Worth it if: Standard ($19/mo) works if you record 1-2 episodes per month under 90 minutes each

Think twice if: The Standard plan's 5 hours/month sounds generous until you factor in real podcast production

Riverside is best for

You record video podcasts or interviews where both audio and video quality need to be professional, and your guests aren't technical enough to install software. Skip it if you only do audio podcasts and don't need video at all. The sweet spot is video-first podcasters, YouTube interviewers, and creators who repurpose long recordings into short social clips.

Why Riverside stands out

Local recording quality, zero-friction guest experience, and the built-in text-based editor. Local recording means each participant's device captures audio at 48kHz WAV and video at up to 4K, then uploads after the session -- your guest's spotty WiFi doesn't ruin your recording. Guests click a link and they're in the studio, no app installs. The text-based editor lets you edit your recording by deleting words from the transcript instead of scrubbing a timeline. vs. Squadcast: Riverside has 4K video and a more polished editing suite, but Squadcast integrates directly with Descript. vs. Zencastr: Riverside wins on video quality and guest experience, but Zencastr bundles hosting and distribution that Riverside doesn't offer.

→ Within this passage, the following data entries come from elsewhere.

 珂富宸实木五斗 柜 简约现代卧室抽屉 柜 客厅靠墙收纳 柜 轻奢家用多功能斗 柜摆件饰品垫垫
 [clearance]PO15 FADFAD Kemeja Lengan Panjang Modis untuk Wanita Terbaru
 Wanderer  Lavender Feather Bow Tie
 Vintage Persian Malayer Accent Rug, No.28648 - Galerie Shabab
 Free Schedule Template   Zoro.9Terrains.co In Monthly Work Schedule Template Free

Is Riverside worth the price?

Standard ($19/mo) works if you record 1-2 episodes per month under 90 minutes each. Pro ($24/mo) if you're weekly or your episodes run long. Test the free plan first -- record an actual episode, not just a test call, and evaluate the upload speed and editing workflow with real content. Don't go annual until you've published at least 3-4 episodes through Riverside and confirmed the recording hour limits work for your schedule.

Riverside features

Local Recording: The Core Quality Advantage

Riverside's local recording technology is what separates it from Zoom-based recording setups and most competitors. Instead of streaming compressed audio and video through a server, each participant's device records files locally -- audio at 48kHz WAV (uncompressed) and video at up to 4K. These files upload to Riverside's cloud after the session ends. The result is professional-grade quality regardless of internet conditions during the actual conversation. The tradeoff is the post-recording upload. Large video files from multiple participants can take 20-40 minutes to upload, and participants must keep their browser open until it finishes. If a guest closes their tab early, their local recording is lost. Riverside shows an upload progress bar, but you need to explicitly tell guests to wait. For podcasters recording high-stakes one-time interviews, this vulnerability is worth planning around -- a quick pre-session message to guests about staying on the page solves it.

Video Quality: 720p Free to 4K on Paid Plans

The Free plan caps video at 720p, which is noticeably soft on modern screens. The Standard plan ($19/month) and Pro plan ($24/month) unlock up to 4K recording, which is a genuine differentiator -- Squadcast tops out at 1080p, and Zencastr's video quality is similar. For creators publishing video podcasts on YouTube or repurposing clips for social media, 4K source footage gives you more flexibility to crop, zoom, and resize without losing sharpness. Two practical notes: 4K files are significantly larger, meaning longer upload times and more storage consumption. If you're editing on a laptop without much processing power, working with 4K footage can be sluggish. Many podcasters record at 4K but edit and export at 1080p -- you get the quality cushion without the heavy editing workload. Also, your guest's camera determines the actual quality; if they're on a laptop webcam that maxes at 720p, Riverside can't magically produce 4K from their end.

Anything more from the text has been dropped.